• [Information given]
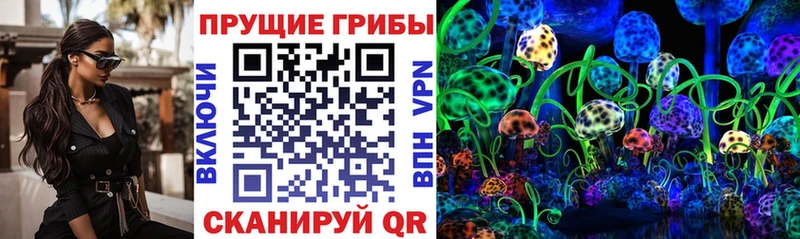 где купить наркоту  Бузулук  Галлюциногенные грибы Psilocybine cubensis 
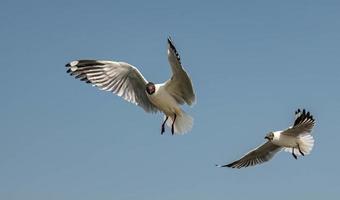 gaviotas volando en el cielo foto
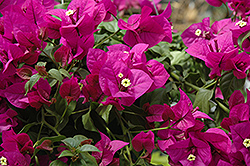 Elizabeth Angus Bougainvillea (Bougainvillea 'Elizabeth Angus') at Lakeshore Garden Centres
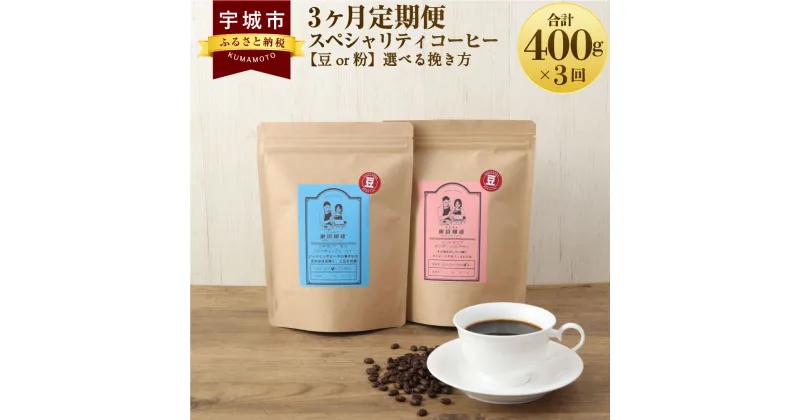 【ふるさと納税】 コーヒー 【3ヶ月定期便】スペシャリティコーヒー 【豆or粉】選べる挽き方 珈琲 コーヒー豆 珈琲豆 コーヒー粉 珈琲粉 直火焙煎 送料無料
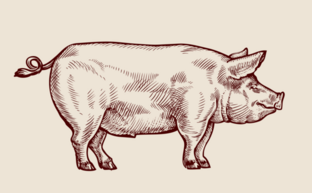 AdobeStock 109403494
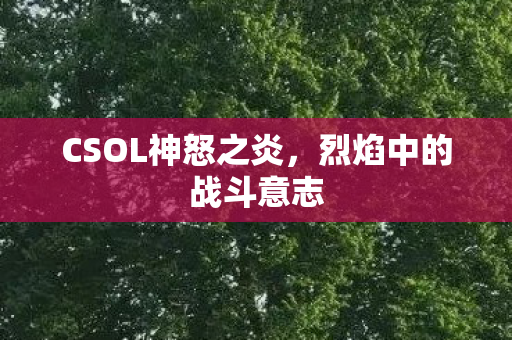 CSOL神怒之炎，烈焰中的战斗意志
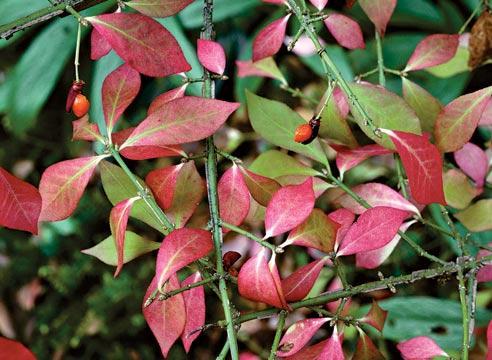 Euonymus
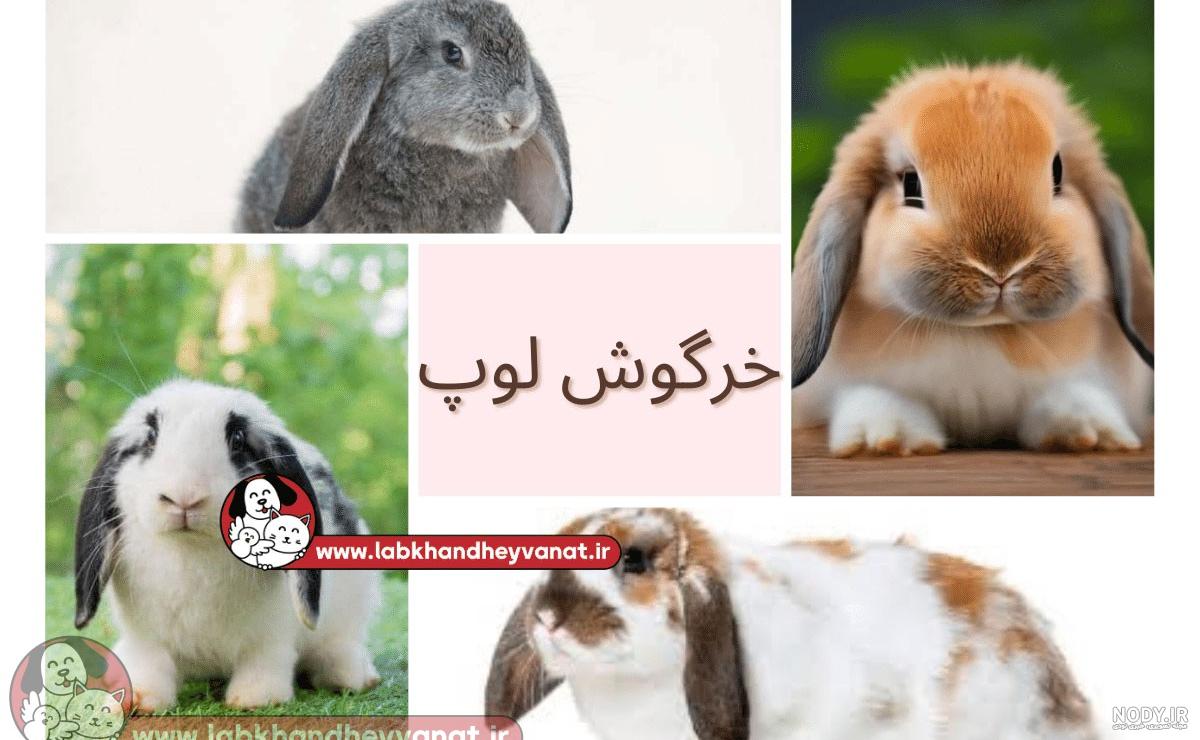 عکس خرگوش رنگی رنگی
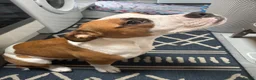American Bulldog dogs for sale: American Bulldog 6 months old  - Advert 6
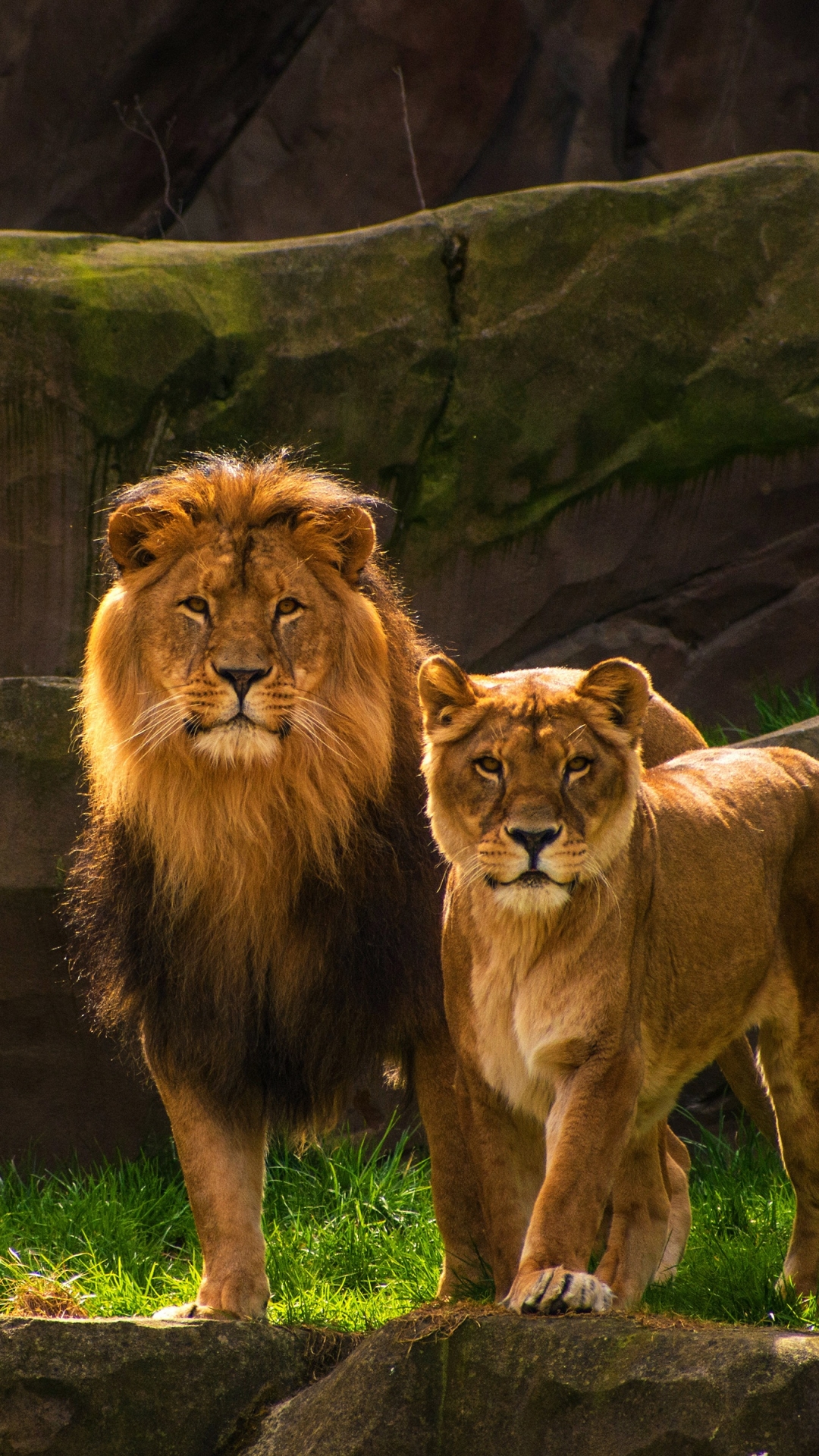 Lion Lioness - HD Wallpaper 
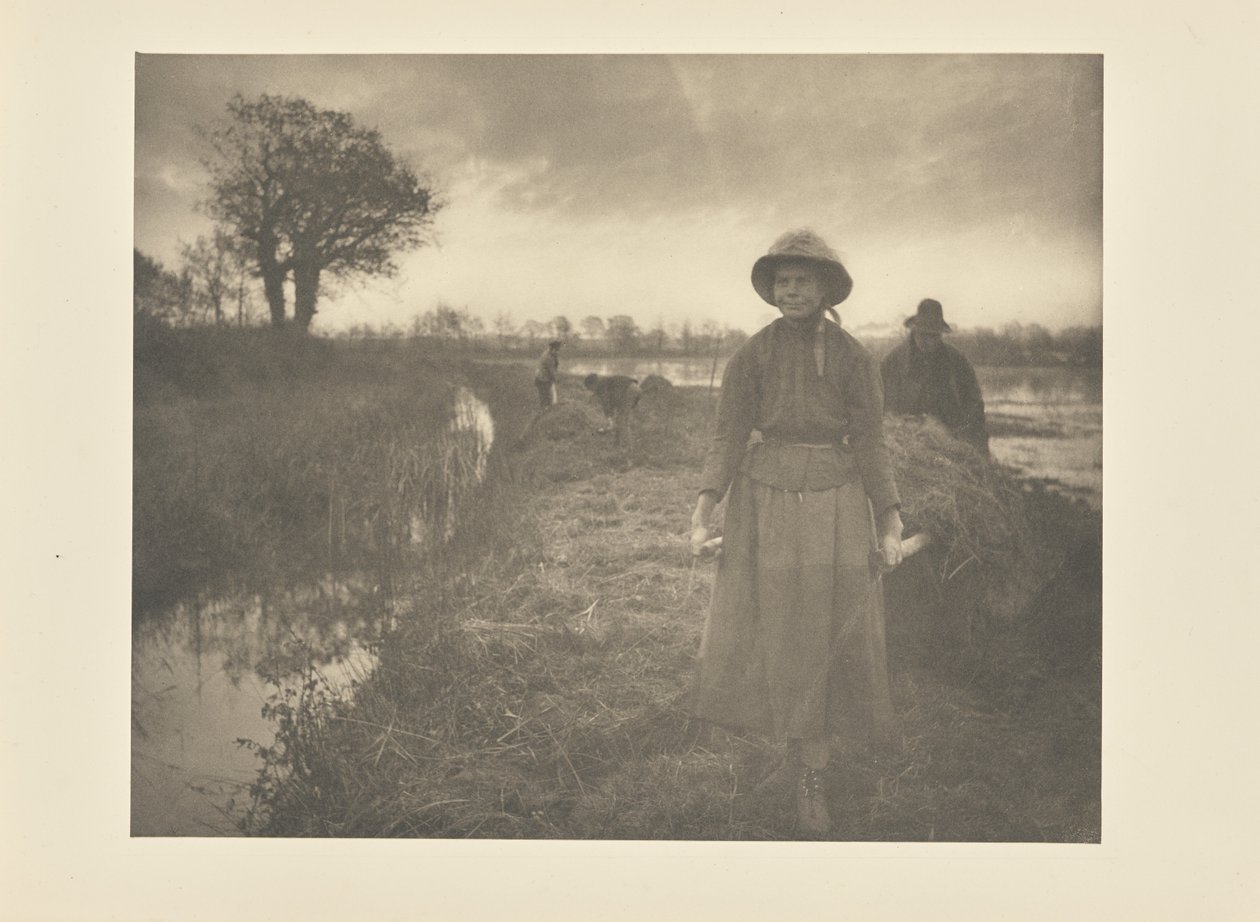 Suoniittyheinän kuljetus sauvomalla tekijältä Peter Henry Emerson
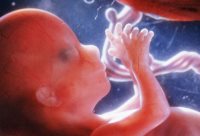 Exposure to Extremely Low Frequency Electromagnetic Fields during Pregnancy and the Risk of Spontaneous Abortion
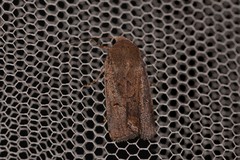 Proteuxoa hypochalchis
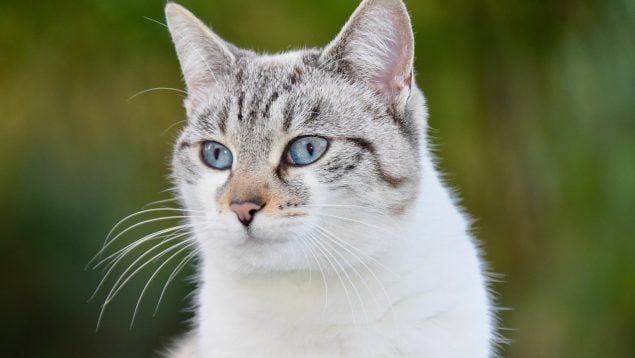 Si tu gato hace esto es que te quiere dominar: toma nota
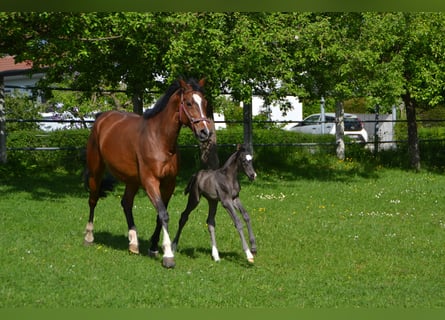 Trakehner, Merrie, 14 Jaar, 167 cm, Bruin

• [What you will do]
Lines from the one that contains "Proteuxoa hypochalchis" to the final line of the material are the whole answer. Reproduce them word for word and skip the pictures.

• [Output of the task]
 Proteuxoa hypochalchis
 Si tu gato hace esto es que te quiere dominar: toma nota
 Trakehner, Merrie, 14 Jaar, 167 cm, Bruin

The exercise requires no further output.